Marking the first multi-sculpture installation using ARW's Inflatable Bodies technology, the Birds contemplates the life cycle through a study of movement, image, scale, and sound. Sixteen large, white fabric shapes that recall the simplest line drawing of a bird, or the shriveled remains of a bat limp and lifeless, or even remains of a ribbed structure eroded with time. As viewers enter the room, the shriveled lifeless forms gradually inflate with air and lengthen and gain shape, and eventually become tapered cone-shaped forms reaching out in a graceful robust wingspan.
The pattern of the birds for the first installation was influenced by a flight into Adelaide, Australia. The River Murray is beautiful in its curving shape, but a river that is now dying because of the overdevelopment surrounding it. The Birds in the Adelaide installation flew in a line that traces the shape drawn by the River Murray upon the earth. The vantage point places the viewer at eye level with the installation, moving through the installation allows you find various compositions reminiscent of the formations of nature.
Their stationary journey: a slow, elegant flapping motion is generated by Servo-controlled air bladders animating the forms. The sequence of multiple actions creates a constant rhythmic breathing sound. After a brief flight, the birds reach the end of their life, and begin a deflating collapse that starts at the tip and moves inward to the center of the body.

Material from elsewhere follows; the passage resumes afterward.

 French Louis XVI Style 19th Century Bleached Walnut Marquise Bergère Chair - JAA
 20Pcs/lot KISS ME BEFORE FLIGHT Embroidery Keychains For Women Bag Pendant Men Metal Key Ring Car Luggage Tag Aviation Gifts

CHICO MACMURTRIE is internationally known for his large-scale performative robotic installations. He has exhibited in 16 different countries and has received the support of many notable granting agencies, e.g. the Rockefeller Foundation, the National Endowment for the Arts, and the Daniel Langlois Foundation. MacMurtrie, in 1987,
founded Amorphic Robot Works in San Francisco. Currently located in Red Hook, Brooklyn, ARW is a collaborative group of artists and engineers dedicated to the study and creation of movement. Their profound kinesthetic inquiries have resulted in more than 250 mechanical sculptures that assume anthropomorphic and abstract forms and communicate aspects of the human condition. MacMurtrie’s recent works include: Floating Tree, a 24’ aluminum tree and island installed in New York City’s Anable Basin, commissioned by A Place in History and Totemobile, a robotic sculpture based on the Citroen DS19 car, on view in Paris at the Citroen showroom. He is currently working on the Inflatable Architectural Body, a project supported by the Rockefeller Foundation, that he will present at the Reina Sofia Museum in Madrid, Spain in 2008.